It’s best to create notes which are only about one thing—but which, as much as possible, capture the entirety of that thing.
This way, it’s easier to form connections across topics and contexts. If your notes are too broad, you might not notice when you encounter some new idea about one of the notions contained within, and links to that note will be muddied. If your notes are too fragmented, you’ll also fragment your link network, which may make it harder to see certain connections. Evergreen notes should be densely linked
There’s no clear litmus test or correct answer here—just a bunch of tradeoffs.
The notion is quite similar to the software engineering principle of separation of concerns, which suggests that modules should only be “about” one thing, so that they’re more easily reusable. But likewise, if you fragment modules too much, you’ll have a cohesion problem. In this way, Evergreen note titles are like APIs.

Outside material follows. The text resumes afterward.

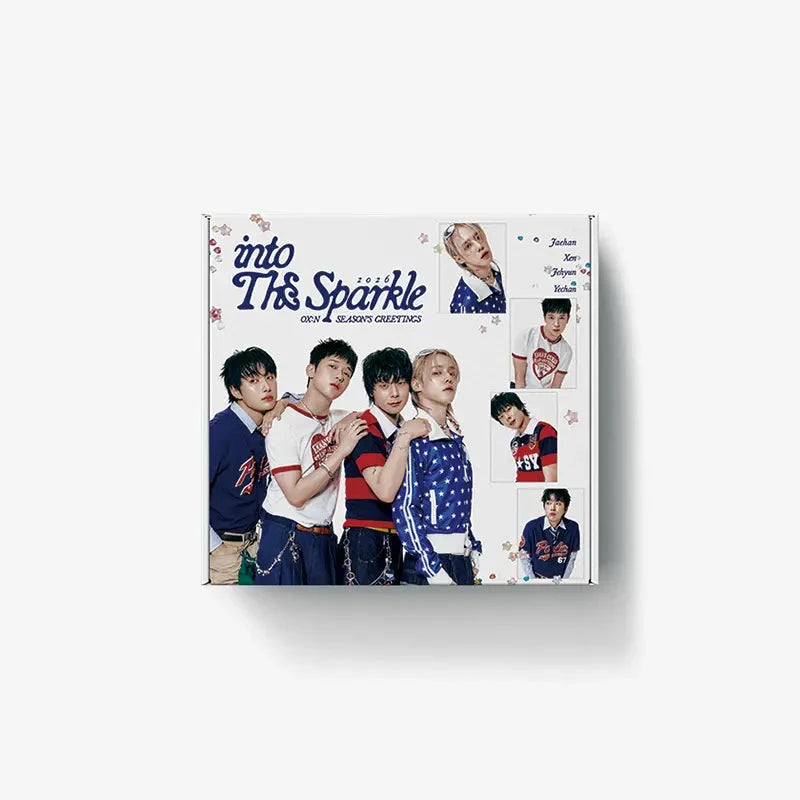 OX:N (OMEGA X) - 2026 SEASON’S GREETINGS (INTO THE SPARKLE) Nolae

The underlying principle I’d call the principle of atomicity: put things which belong together in a Zettel, but try to separate concerns from one another. For example, I might collect a list of assumptions in one Zettel which serves as an overview. like hard determinism . A related argument and its conclusion will be kept in another Zettel. Moral responsibility under hard determinism is a good example. I can re-use the arguments without buying into the assumptions because the arguments are of sufficiently general form. Atomicity fosters re-use which in turn multiplies the amount of connections in the network of Zettels.